Ancara, 18 fev (EFE).- O primeiro-ministro da Turquia, Ahmet Davutoglu, acusou nesta quinta-feira a milícia curdo-síria das Unidades de Proteção do Povo Curdo (YPG, sigla em curdo) de cometer, em coordenação com a guerrilha curda do PKK, o atentado suicida de ontem em Ancara, que deixou 28 mortos, entre eles 27 militares e um civil.

Em discurso na sede do Estado-Maior do exército turco, que foi retransmitido pela televisão, Davutoglu identificou o suspeito de ter cometido o atentado como Saleh Mercan, nascido em 1992 na cidade de Amude, no norte da Síria.
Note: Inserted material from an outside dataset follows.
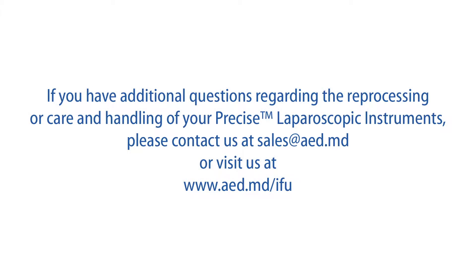If you have additional questions regarding the reprocessing or care and handling of your precise laparoscopic instruments, please contact us at sales@aed.md or visit us at www.aed.md.com.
Segundo o primeiro-ministro turco, nove pessoas foram detidas em relação a este atentado, cometido em uma região central da capital turca nesta quarta-feira às 16h30 durante a passagem de um comboio de ônibus militares que levavam soldados para casa.
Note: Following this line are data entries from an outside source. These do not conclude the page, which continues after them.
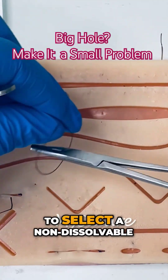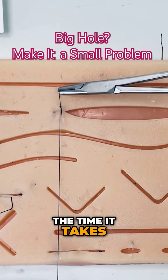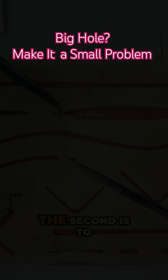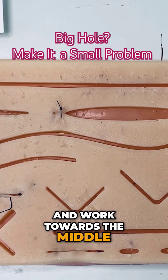The first technique is to select a non-dissolvable suture in order to control wound closure over the time it takes for the wound to heal. The second is to start at the apices and work towards the middle.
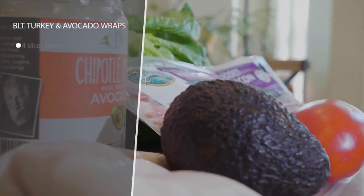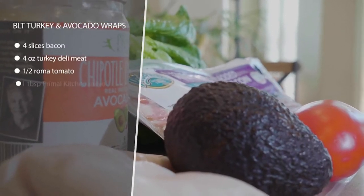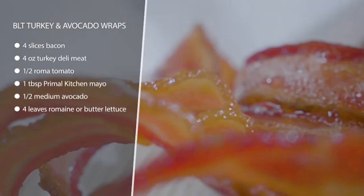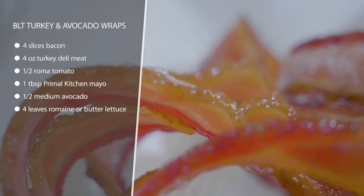These BLT turkey avocado wraps are super fast if you keep bacon ready to go in your fridge. Whenever you make bacon, try to keep a little bit on hand so you can throw things together like this super fast. If you have to fry your bacon, that's the hardest part of the whole meal — everything else is just throw together.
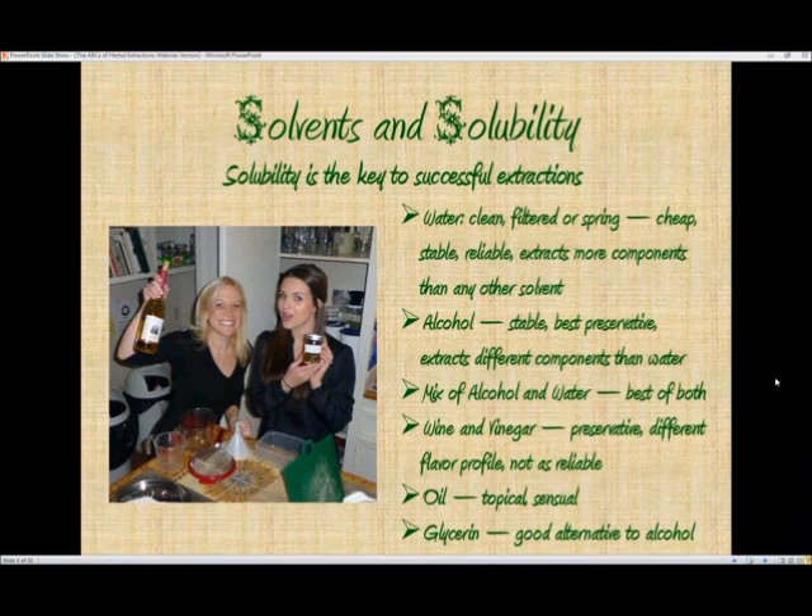Wine and vinegar are also used as solvents. They are both preservative, but you have to be aware that each of them is going to provide a different flavor profile based on what kind of wine or vinegar you use. And they're not as reliable as some of the other solvents in their ability to extract certain chemical components from the herbs.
Um jornal próximo ao governo turco informou hoje que um suposto refugiado sírio, do qual tinham tirado as impressões digitais em sua entrada no país, tinha cometido o atentado suicida.

A Turquia está lutando tanto em seu próprio território como no norte da Síria e no norte do Iraque contra as milícias curdas que considera terroristas.

O atentado de Ancara ontem à noite foi o mais grave na Turquia desde o mês de outubro do ano passado quando 103 pessoas morreram durante um duplo ataque suicida em uma manifestação pacifista.

A Justiça turca acusa os jihadistas do Estado Islâmico por aquele ataque.